Reputation: 1013
I'm trying to redirect some of the standard output to a text file, and some other to the command prompt.
I'm currently outputting all of it to a file, but I'd like to output some to the command prompt, so I can know at least (get some hits), on what's been recorded (since it takes like 10 minutes to run this code)
This is what I'm doing;
FILE *stream ;
std::stringstream ss;
ss << "K_file.txt";
if((stream = freopen(ss.str().c_str(), "w", stdout)) == NULL)
exit(-1);
std::cout<<"blah blah blah...";
Edit based on comment;
'some' is part of the code where I would like to explicitly specify, example;
for(int i = 0; i<1000; i++)
{
std::cout<<"I would like this to go to the file - since it's detailed";
}
std::cout<<"loop finished - I would like this to go to the command prompt";
This might not be the best example but I hope you get the point.
Upvotes: 0
Views: 1203
Reputation: 52107
You could "abuse" standard output and standard error stream for that. For example:
#include <iostream>
void main() {
std::cout << "standard output";
std::cerr << "standard error";
}
Now, if you redirect just the standard error to file...
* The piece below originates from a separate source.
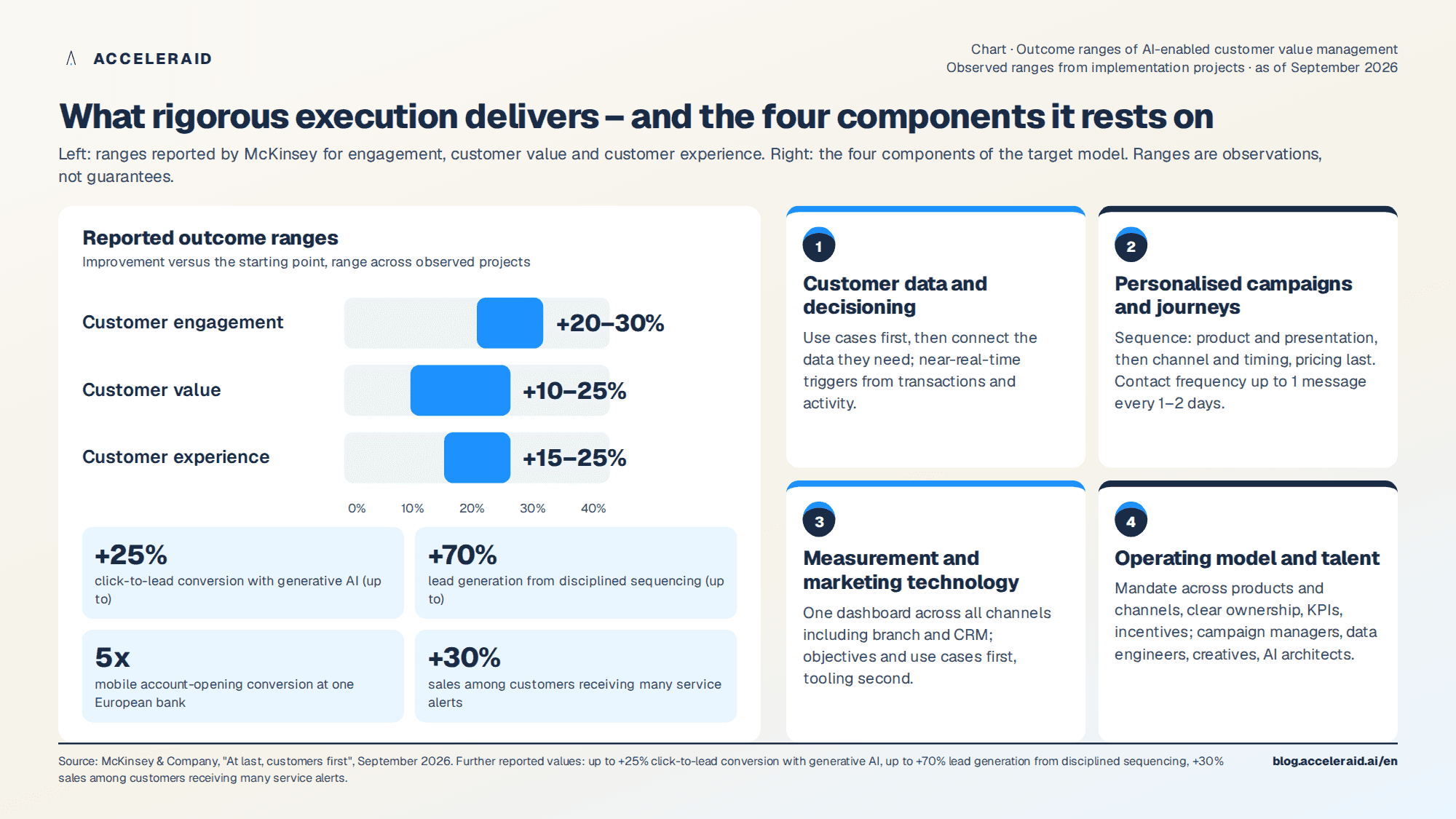 Outcome ranges and prerequisites: 20 to 30 percent more engagement, 10 to 25 percent more customer value, 15 to 25 percent better customer experience, resting on four components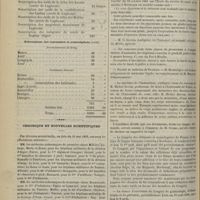 0590 - Page 618 - Souscription pour l'érection d'un monument à la mémoire du Docteur Maillot... / Chronique et nouvelles scientifiques. Faculté de médecine de Toulouse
your_program.exe 2> file.txt
...you'll get "standard output" in console window and "standard error" in file.txt
.
(NOTE: This is Windows redirection syntax - I'm sure you'll have no trouble doing redirection on other OSes if you need to.)
Upvotes: 3
Reputation: 32240
I think this might help:
#include <fstream>
#include <iostream>
class stream_redirector {
public:
stream_redirector(std::ostream& dst, std::ostream& src)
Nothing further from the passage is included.